# TRY IT
Output exactly the lines of the listing below that run from the line with "CHINA-HUBEI-SHENNONGJIA-SEA OF CLOUDS(CN)" through the line with "做菜，这回辣椒站C位 ，好吃到没有朋友！|重庆特产传说（320） | 香脆椒". No pictures.

# EXCERPTED DATA
● ● ● ●
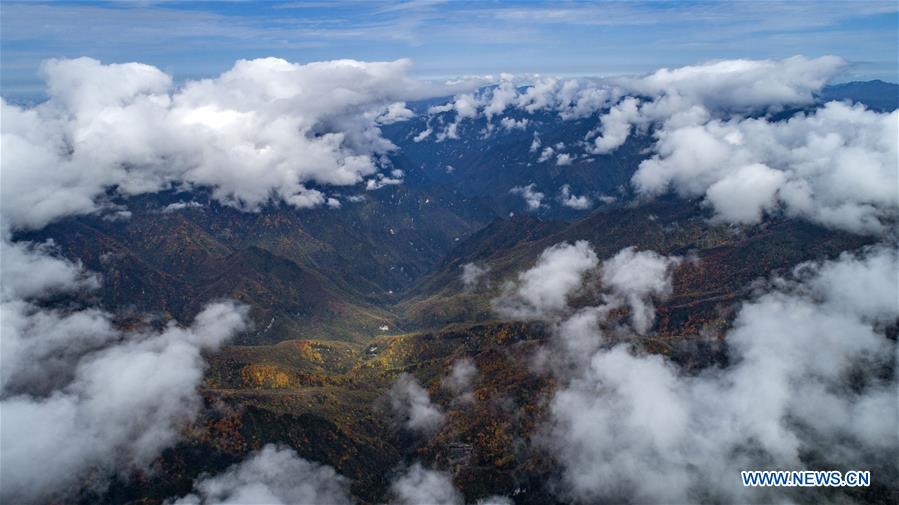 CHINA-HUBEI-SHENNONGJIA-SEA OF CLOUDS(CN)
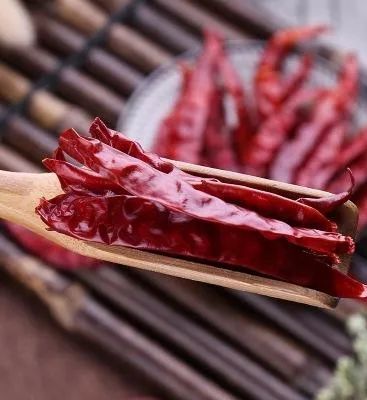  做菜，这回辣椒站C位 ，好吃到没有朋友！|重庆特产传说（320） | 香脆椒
● ● ● ●
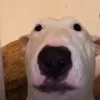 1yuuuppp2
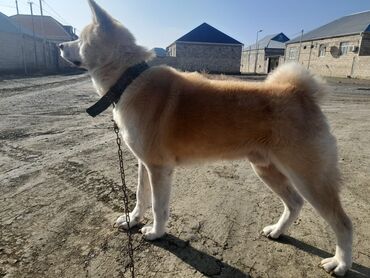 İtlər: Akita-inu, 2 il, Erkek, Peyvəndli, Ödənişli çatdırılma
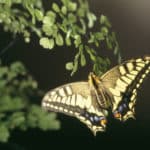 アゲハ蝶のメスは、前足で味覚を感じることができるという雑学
● ● ● ●
# SOLVED PROBLEM
 CHINA-HUBEI-SHENNONGJIA-SEA OF CLOUDS(CN)
  做菜，这回辣椒站C位 ，好吃到没有朋友！|重庆特产传说（320） | 香脆椒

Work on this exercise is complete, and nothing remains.